Although many health ministries and NGOs widely distribute ITNs for free or at low cost, their incorrect and inconsistent use remains problematic. Usage patterns differ among age groups [22], house construction, sleeping configuration [23, 24], education level [25]. This suggests that possession and distribution are only a first step towards reaching widespread household use of ITNs. This is particularly important for the rural poor, who often reside in areas of diminished public health infrastructure and challenging, vector-friendly topography. In addition, poor households often live in rudimentary conditions. Hence, the members of these households live under the highest risk of disease [23].

Distance to health services impacts on health seeking behaviours [26, 27]. Travel times, lack of access to transportation, and seasonally inaccessible roadways can present barriers to patient access to health facilities [28]. Areas of low access are often inhabited by people who need healthcare the most [29]. Ill residents in areas where access is difficult often under-utilize services or present to health facilities (HF) only when their condition is grave, sometimes missing opportunities to effectively treat health problems [30]. Distance to HFs may also negatively impact disease prevention. For malaria in particular, remoteness and proximity to HFs have been shown to be associated with ITN possession in Kenya [31]. Proximity to health services and ITN distribution points might also influence regular and proper use of ITNs. Accordingly, the authors examined household-level determinants of reported ITN possession and use among six to 59 month-old children in Malawi, using data gathered during a 2007 survey of malaria patterns. Associations between geographic distances to HFs and reported ITN possession and use were evaluated.

Methods

A population-based, cross-sectional survey was undertaken in eight of Malawi's 28 Districts during April/May 2007. Strategically conducted at the end of the rainy season when malaria-related morbidity is normally highest, the Districts were chosen from throughout the country. Surveys were conducted in Blantyre, Mwanza, Phalombe, and Chiradzulu Districts in the Southern Region, Lilongwe and Nkhotakhota in the Central Region, and Karonga and Rumphi in the Northern Region. The Institutional Review Boards at the College of Medicine, University of Malawi and the US Centers for Disease Control and Prevention (CDC) approved the study protocol.

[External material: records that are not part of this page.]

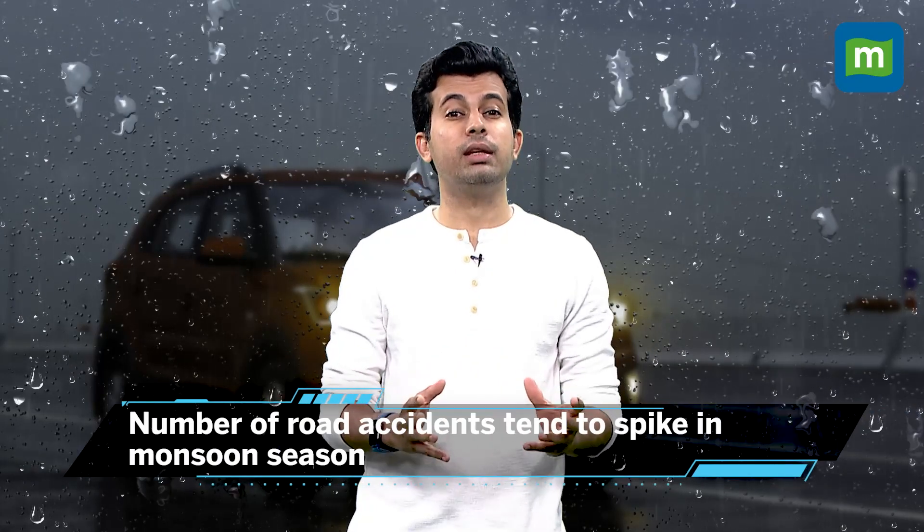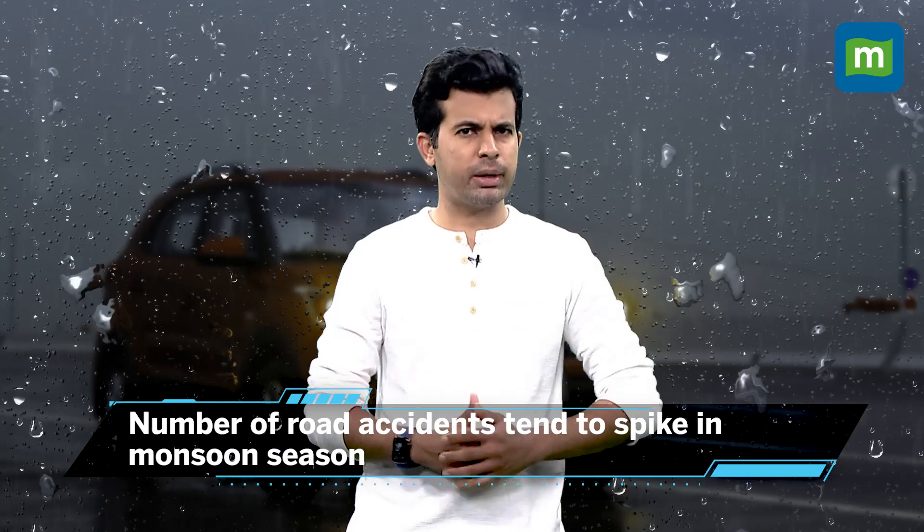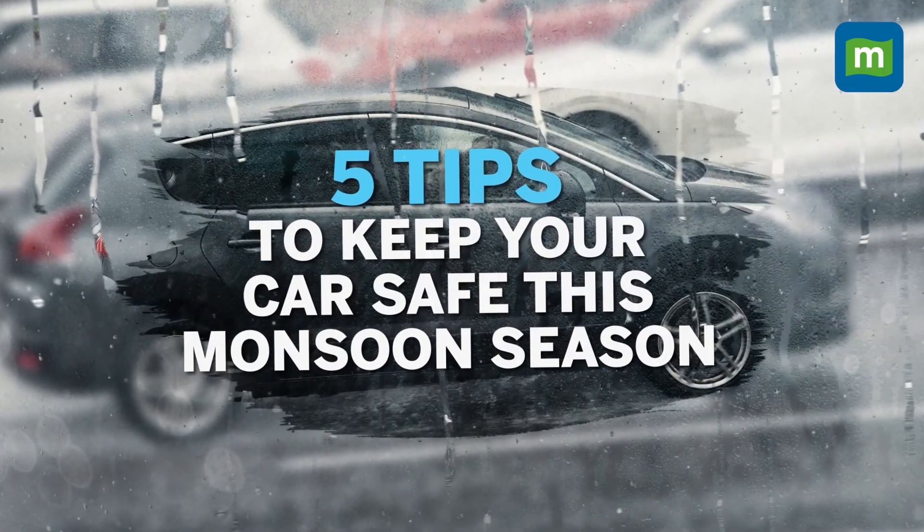With the monsoon season upon us, it's time to look at some basic but crucial safety and maintenance tips that will help your car drive through heavy rains and come out unscathed. The monsoon season in India tends to witness a spike in road accidents and some basic preventive measures can help you avoid that. So here are five things to keep in mind.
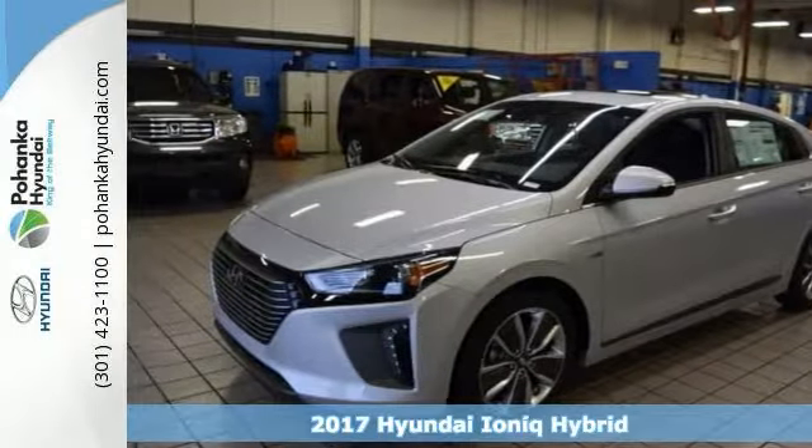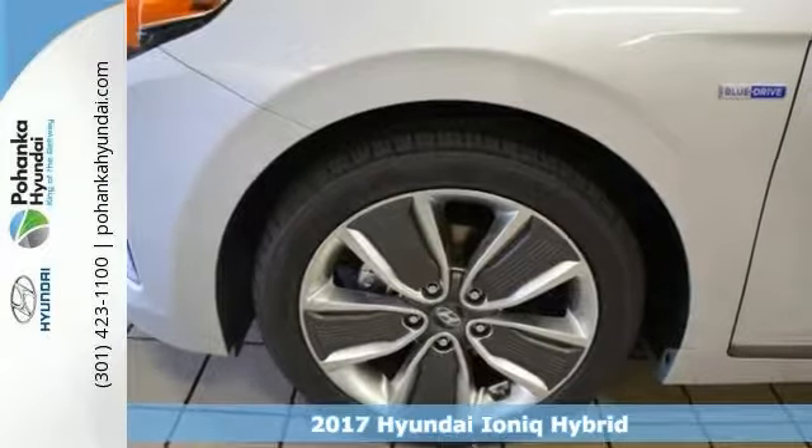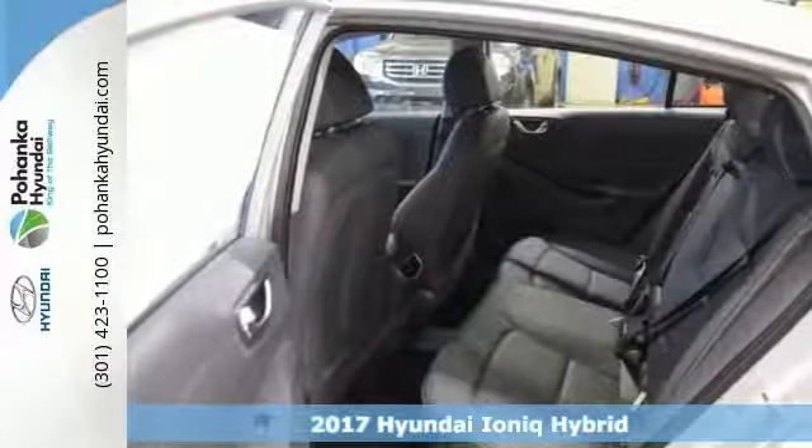Here's a 2017 Hyundai IONIQ Hybrid Limited. Move over, gas guzzlers, there's a new kid in town.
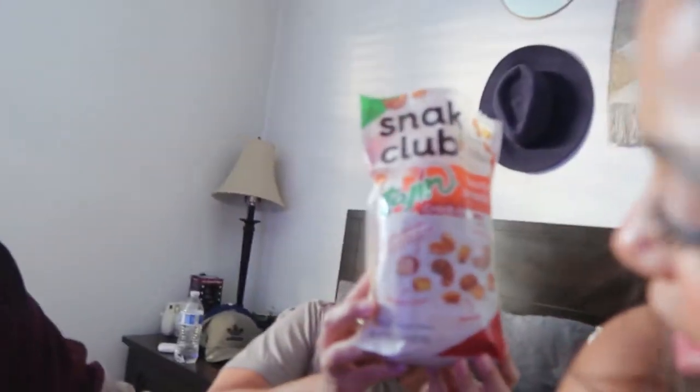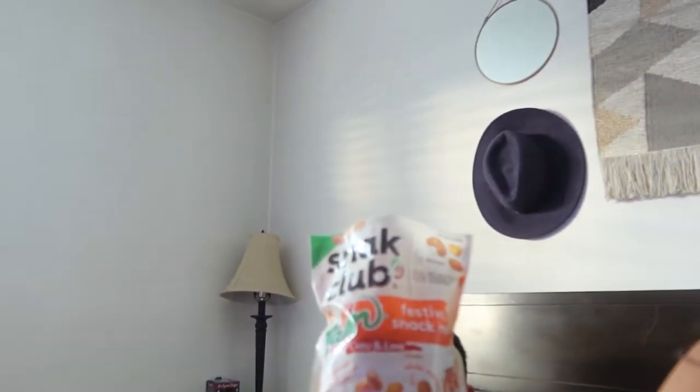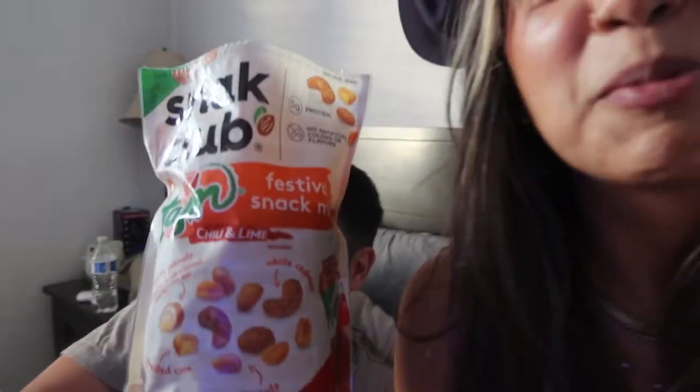Can you open it please? Thank you, I love you. Let me read what's actually in here — can you hold it up for me? There are crunchy peanuts, toasted corn, regular peanuts, and then whole cashews.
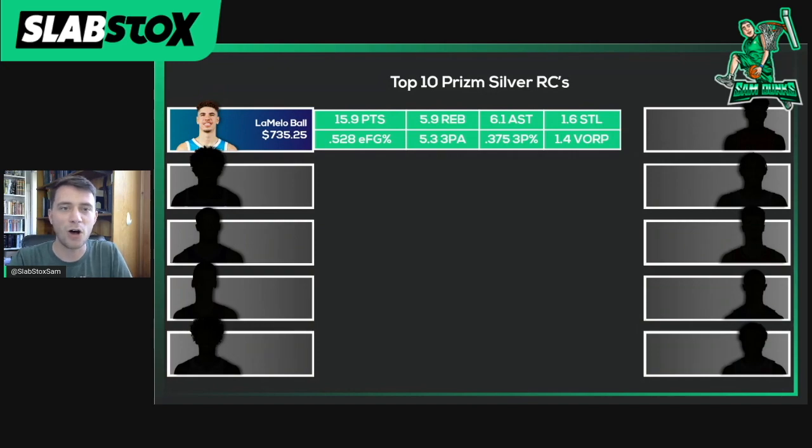Starting off, we have LaMelo Ball coming in at an average auction price of $735.25. These are his Prism Silver rookie cards and they're all raw since we don't have any graded yet. LaMelo Ball, of course, injured for the rest of the season, but he's averaged 15.9 points, 5.9 rebounds, 6.1 assists, and 1.6 steals. That's all while shooting a pretty effective field goal percentage of 52.8 — just a hair under league average — on 5.3 three-point attempts per game, hitting 37.5%. Really good. And he has a value over replacement player of 1.4 — again, really good. LaMelo Ball, much deserved at the top of this list.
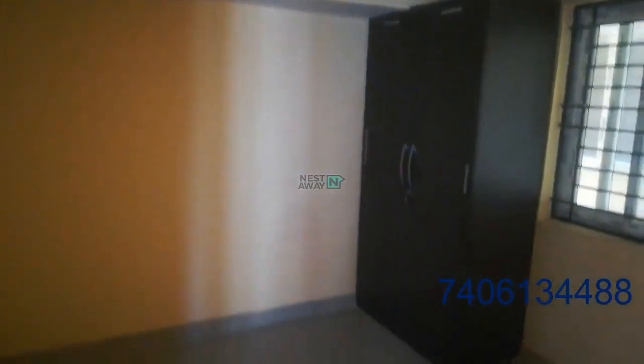This is the bedroom. One cupboard is there. Fan is there.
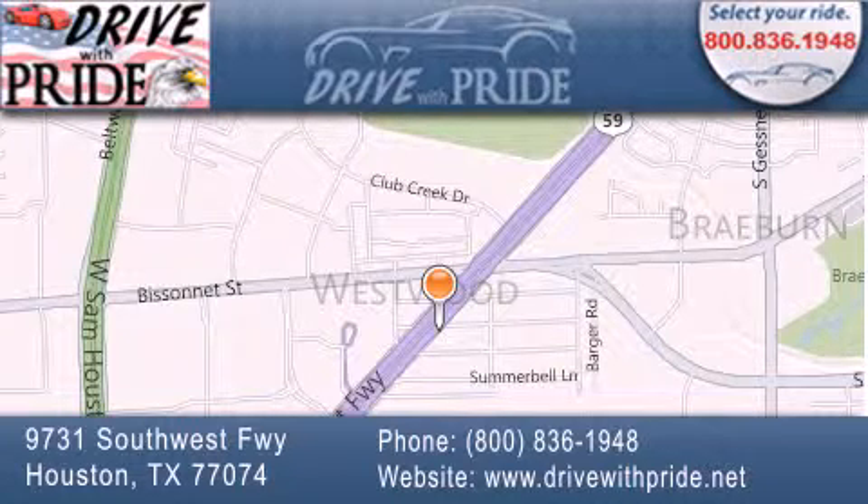give us a call, or stop by our dealership. We are conveniently located at 9731 Southwest Freeway between Bisonette and Beltway 8. We look forward to serving you.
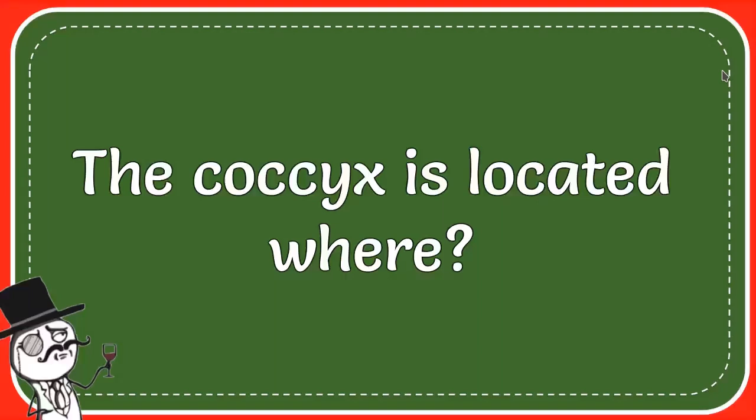In this video, we are going to find out the answer for this question. And the question is: the coccyx is located where?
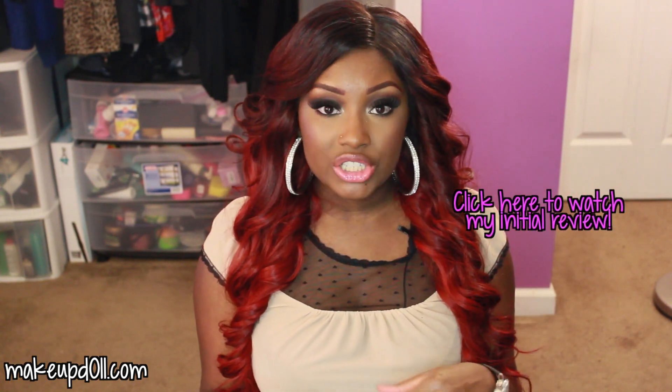If you haven't already seen my initial review on these hair extensions, you'll definitely want to check it out. I'll have the annotation right here for you to click, or if you're watching on mobile or tablet I'll have the link in the description box. It has all the initial details — what the hair looked like when I first received it, how everything was packaged, and all the specs.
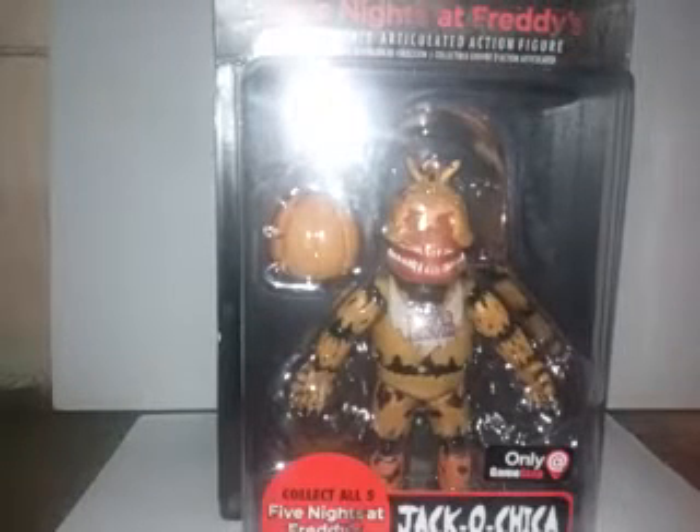What's up everyone? It's me CN Tezcayma, and Merry Christmas and welcome to CN Figures — Figures in your house. For this review, we are looking at the Five Nights at Freddy's Action Figures: Jack O'Chica. You won't believe how happy I'm feeling right now because my brother got me this toy for Christmas today.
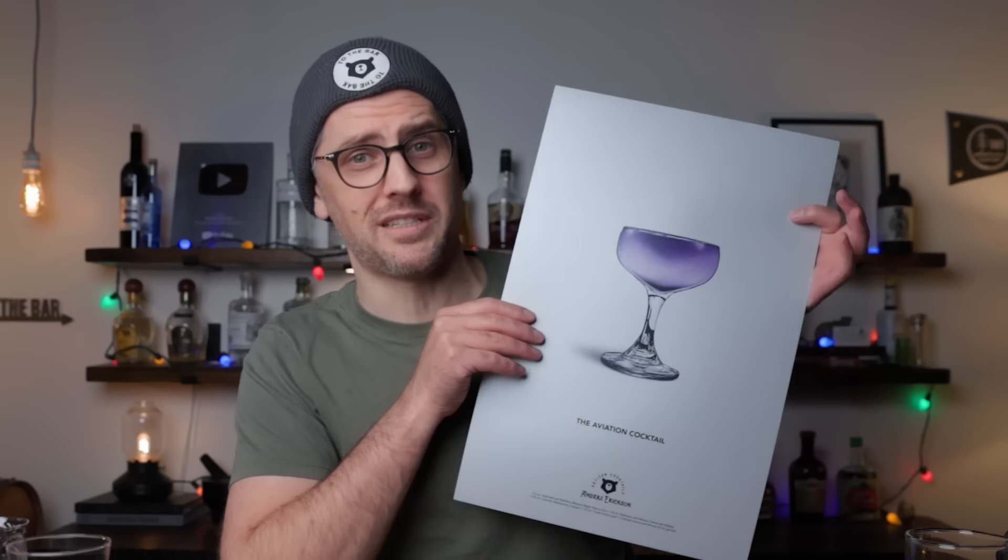You could also look at this video as kind of a bar basics, so if you are looking to just upgrade your own bar, it would work for that too. Also, be sure to stick around to the end because I have some exciting news about volume two of our cocktail art prints. More on that later.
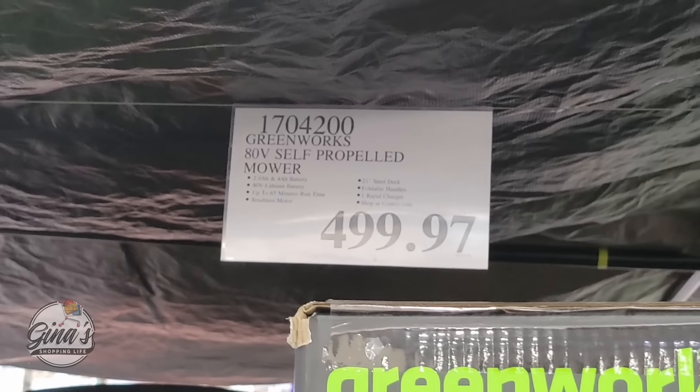Now when the diapers go on sale, especially the Kirkland diapers, this is the best time to stock up — and it's all sizes. Size one is $25.99, size two is $25.99 — a $9 savings. This is going to go on until the 16th of June. I know diapers can get really expensive, so when they go on sale it's the best time to stock up. Honestly, I think the Kirkland ones are just as good as the other name brands.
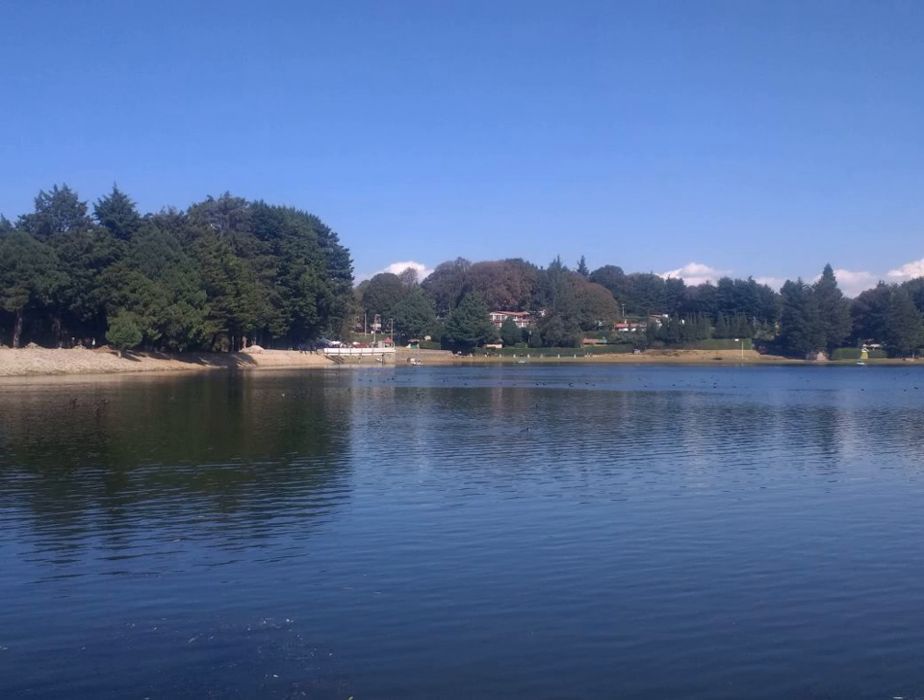Its bark is rough and reddish-brown. The tree develops short prop roots rather than long stilt roots. Flowers are creamy white, soon turning brown. The sepals are persistent, narrow, and slightly tapered.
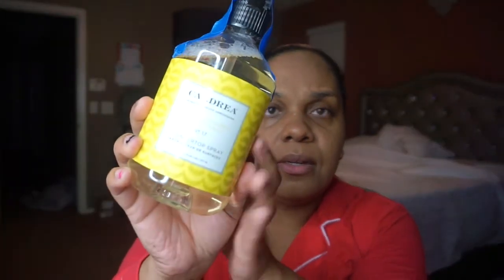I also got the Caldrea countertop spray in the sea salt neroli scent. My lighting might be bouncing off but let me smell this — I heard it works really well. It's like a fresh clean scent with a hint of lemon. I heard it cleans wonderfully and the smell lingers, which is something I really love — I want to smell the products after I've cleaned.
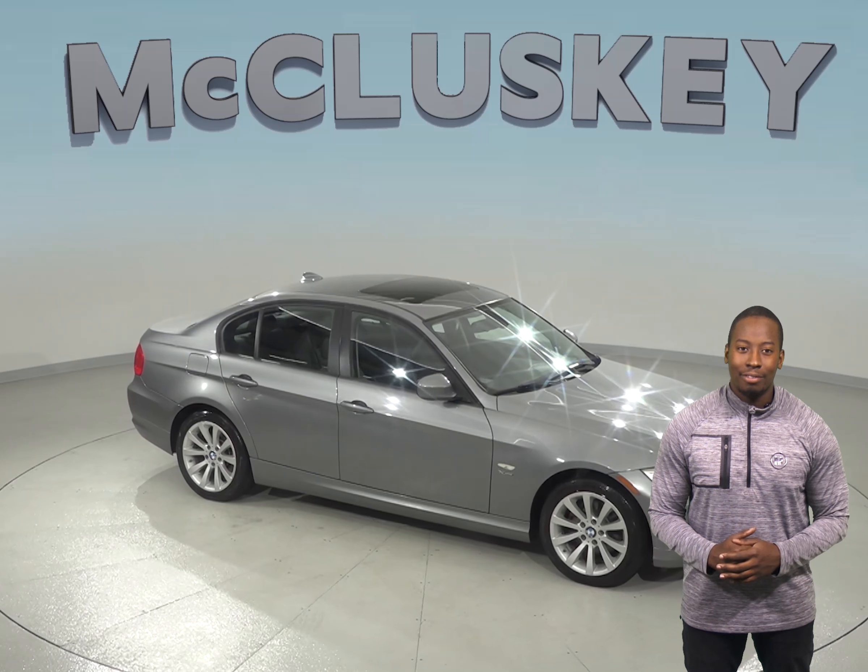If this BMW sounds like the perfect car for you, then come try it out before you buy it with our free 48-hour test drive.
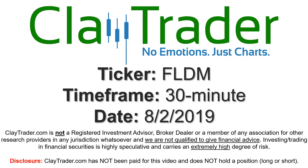Hey, it's Clay and this will be a video chart on ticker symbol FLDM. We will take a look at the 30 minute time frame.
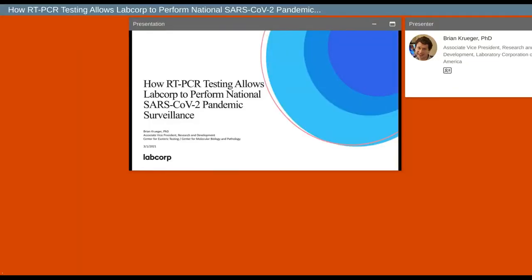Hi, everyone. I'm Dr. Brian Kruger. I'm an Associate Vice President in Research and Development at LabCorp, and my team has been leading SARS-CoV-2 molecular testing development at LabCorp since the beginning of the pandemic.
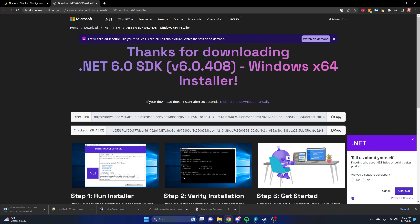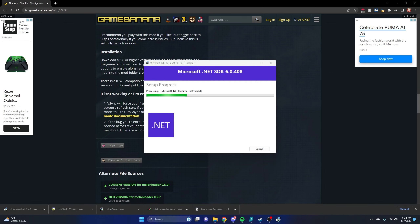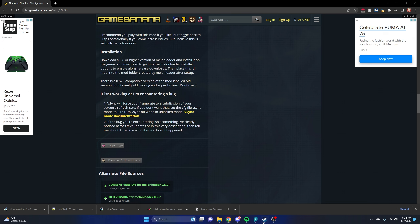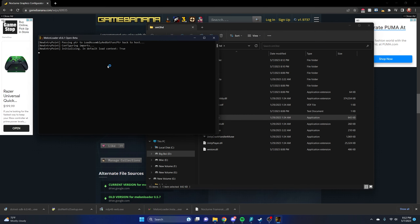Let's open up Nocturne HD to make sure everything works. It'll take a little bit longer to boot since MelonLoader is running on top of the Nocturne EXE. Apparently I didn't have .NET 6.0 installed — just go to the x64 download, I'll have the link in the description as well. Run that installer and that should be it. It may take a little bit — come on, you can do it!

Household selection and sampling

Households were selected for inclusion in the study using a modified EPI cluster survey method as described by Turner et al. [32]. The modified cluster survey method involved: a) selection of Enumeration Areas (EAs) from each of the eight Districts with probability proportional to size (PPS) of the population b) use of EA maps to create sub-clusters or segments of approximately equal population size c) the random selection of one segment d) an interview with all households in the selected segment e) the selection of one child 6 to59 months old from each surveyed household. The survey was initially intended to determine the extent of Plasmodium infection in Malawi. Therefore, children under 6 months of age who are presumably protected from infection through the presence of maternal antibodies were excluded. There was a median number of 32 households per EA among 220 total EAs. The number of households per segment was indeterminate from the data. A total of 7,564 households were included in the final database (Table 1).

Table 1 Summary of household surveyed by sample locations and demographic characteristics, and of ITNs per household

Data collection and definitions

Trained interviewers administered structured questionnaires to consenting household heads and/or parents/guardians of selected households to gather information on household ITN possession and use by children six to 59 months old, SES of the household, house construction, and other potential risk factors. The questionnaire was originally developed in English and translated into two main languages spoken in the selected Districts (Chichewa and Chitumbuka). Latitude and longitude of the house was taken using a GPS unit. Data were recorded electronically using a PDA and downloaded every evening of the survey onto a secure digital card, then later added to a master Microsoft Access database.

A household was defined as a family comprised of a male or female head, his or her husband or wife, as well as children and immediate family members who shared income. An ITN was defined as any bed net, regardless of treatment status, since for more than a decade treated nets only have been distributed in Malawi. Because the objective of this study was to evaluate health care access rather than net treatment practices, no attempt was made to distinguish between treated nets, time since retreatment, or long-lasting insecticidal nets (LLINs).

Health facility data

All HFs in Malawi, both public and private, were comprehensively surveyed in 2000 by the Japan International Cooperation Agency (JICA). The geographic coordinates for each HF, in addition to facility type, possession, funding source, type of road leading to the facility and road condition, were all recorded [33]. For the present analysis, only Malawi MoH hospitals, clinics, maternity clinics and dispensaries, and hospitals operated by religious groups (e.g. CHAM facilities) were considered (Figure 1). Although a small number of surveyed households of sufficient material means may have patronized private facilities, free net distribution and MoH health policies emanate from public HFs run by the MoH and cooperating religious organizations. Thus, as private clinics operate independently of MoH influence and policies with regard to malaria treatment and prevention, private clinics were excluded from this analysis.

Figure 1
figure 1

Maps of Malawi showing (a) locations of households in the Northern, Central and Southern Regions surveyed during the 2007 sampling period and (b) Health facilities and major roads throughout the country.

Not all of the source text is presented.